[Scraped caption text data]

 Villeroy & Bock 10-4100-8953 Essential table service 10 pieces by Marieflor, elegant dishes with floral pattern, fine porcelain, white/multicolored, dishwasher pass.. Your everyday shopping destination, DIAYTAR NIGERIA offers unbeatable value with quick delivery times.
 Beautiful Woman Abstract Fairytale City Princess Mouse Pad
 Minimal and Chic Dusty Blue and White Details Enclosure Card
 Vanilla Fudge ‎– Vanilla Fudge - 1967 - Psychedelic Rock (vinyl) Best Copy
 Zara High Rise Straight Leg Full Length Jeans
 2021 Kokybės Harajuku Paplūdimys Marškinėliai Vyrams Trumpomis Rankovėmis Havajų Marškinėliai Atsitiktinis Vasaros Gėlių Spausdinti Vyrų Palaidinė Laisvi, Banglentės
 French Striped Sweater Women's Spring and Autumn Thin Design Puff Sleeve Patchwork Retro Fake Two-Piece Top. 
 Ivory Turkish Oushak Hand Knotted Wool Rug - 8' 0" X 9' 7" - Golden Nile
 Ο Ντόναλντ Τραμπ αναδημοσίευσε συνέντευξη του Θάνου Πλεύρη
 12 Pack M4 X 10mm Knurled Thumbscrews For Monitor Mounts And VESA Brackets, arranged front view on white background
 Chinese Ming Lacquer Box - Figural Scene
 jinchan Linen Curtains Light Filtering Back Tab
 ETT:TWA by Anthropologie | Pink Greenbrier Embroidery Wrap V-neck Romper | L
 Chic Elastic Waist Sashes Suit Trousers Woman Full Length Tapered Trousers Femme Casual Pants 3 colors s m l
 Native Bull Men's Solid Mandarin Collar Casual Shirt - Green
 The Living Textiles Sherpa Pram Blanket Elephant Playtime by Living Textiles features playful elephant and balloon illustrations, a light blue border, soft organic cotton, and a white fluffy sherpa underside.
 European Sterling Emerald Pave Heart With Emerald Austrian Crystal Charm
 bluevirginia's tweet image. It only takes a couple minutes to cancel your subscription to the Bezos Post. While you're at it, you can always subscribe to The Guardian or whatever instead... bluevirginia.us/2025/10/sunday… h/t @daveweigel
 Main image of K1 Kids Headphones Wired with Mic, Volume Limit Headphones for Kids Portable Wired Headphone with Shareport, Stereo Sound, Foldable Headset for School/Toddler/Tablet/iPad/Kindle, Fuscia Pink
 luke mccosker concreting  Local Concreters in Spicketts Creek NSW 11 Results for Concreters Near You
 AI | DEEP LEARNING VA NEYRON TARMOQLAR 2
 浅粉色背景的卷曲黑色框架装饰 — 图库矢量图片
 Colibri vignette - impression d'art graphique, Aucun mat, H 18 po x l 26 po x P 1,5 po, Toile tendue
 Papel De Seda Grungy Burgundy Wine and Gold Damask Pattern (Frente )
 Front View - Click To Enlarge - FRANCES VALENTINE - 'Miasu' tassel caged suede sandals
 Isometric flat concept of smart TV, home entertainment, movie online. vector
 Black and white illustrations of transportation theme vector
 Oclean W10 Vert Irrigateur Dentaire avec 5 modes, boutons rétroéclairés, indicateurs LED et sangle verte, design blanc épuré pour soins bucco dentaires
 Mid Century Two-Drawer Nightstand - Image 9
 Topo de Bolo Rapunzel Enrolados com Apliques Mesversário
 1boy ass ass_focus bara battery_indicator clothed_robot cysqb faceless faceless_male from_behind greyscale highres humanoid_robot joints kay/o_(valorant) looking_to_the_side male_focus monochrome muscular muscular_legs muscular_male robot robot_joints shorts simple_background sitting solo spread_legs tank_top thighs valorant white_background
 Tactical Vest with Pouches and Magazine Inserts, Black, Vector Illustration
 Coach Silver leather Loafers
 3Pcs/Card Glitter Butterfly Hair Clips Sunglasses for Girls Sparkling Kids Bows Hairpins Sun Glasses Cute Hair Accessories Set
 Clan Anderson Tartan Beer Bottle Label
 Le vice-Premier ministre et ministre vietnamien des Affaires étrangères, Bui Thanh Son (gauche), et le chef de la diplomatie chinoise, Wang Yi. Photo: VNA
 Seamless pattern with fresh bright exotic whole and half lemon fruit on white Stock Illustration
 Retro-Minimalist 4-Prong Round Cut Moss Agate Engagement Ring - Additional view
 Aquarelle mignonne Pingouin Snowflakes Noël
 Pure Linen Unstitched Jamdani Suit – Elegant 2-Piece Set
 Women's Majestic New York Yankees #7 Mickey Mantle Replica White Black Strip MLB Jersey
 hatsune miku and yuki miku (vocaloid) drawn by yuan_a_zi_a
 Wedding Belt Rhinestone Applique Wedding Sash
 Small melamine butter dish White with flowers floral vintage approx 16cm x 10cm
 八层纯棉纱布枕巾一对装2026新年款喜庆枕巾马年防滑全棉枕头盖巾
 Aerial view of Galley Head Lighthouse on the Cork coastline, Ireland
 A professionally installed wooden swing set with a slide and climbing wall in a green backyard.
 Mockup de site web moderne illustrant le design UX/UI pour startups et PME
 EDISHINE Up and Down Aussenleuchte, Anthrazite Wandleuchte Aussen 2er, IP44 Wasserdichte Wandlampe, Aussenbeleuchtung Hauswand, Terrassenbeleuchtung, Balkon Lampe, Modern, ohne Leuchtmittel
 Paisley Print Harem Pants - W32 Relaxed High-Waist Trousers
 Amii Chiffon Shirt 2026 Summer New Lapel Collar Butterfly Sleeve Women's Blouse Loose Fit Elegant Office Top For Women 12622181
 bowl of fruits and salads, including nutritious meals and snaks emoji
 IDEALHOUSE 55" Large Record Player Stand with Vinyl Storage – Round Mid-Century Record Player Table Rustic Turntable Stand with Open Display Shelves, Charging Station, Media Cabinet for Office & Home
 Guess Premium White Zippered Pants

» WORK INSTRUCTION:
What lines above contain the word "Waist"? Please copy each one.

» TASK RESULT:
 Chic Elastic Waist Sashes Suit Trousers Woman Full Length Tapered Trousers Femme Casual Pants 3 colors s m l
 Paisley Print Harem Pants - W32 Relaxed High-Waist Trousers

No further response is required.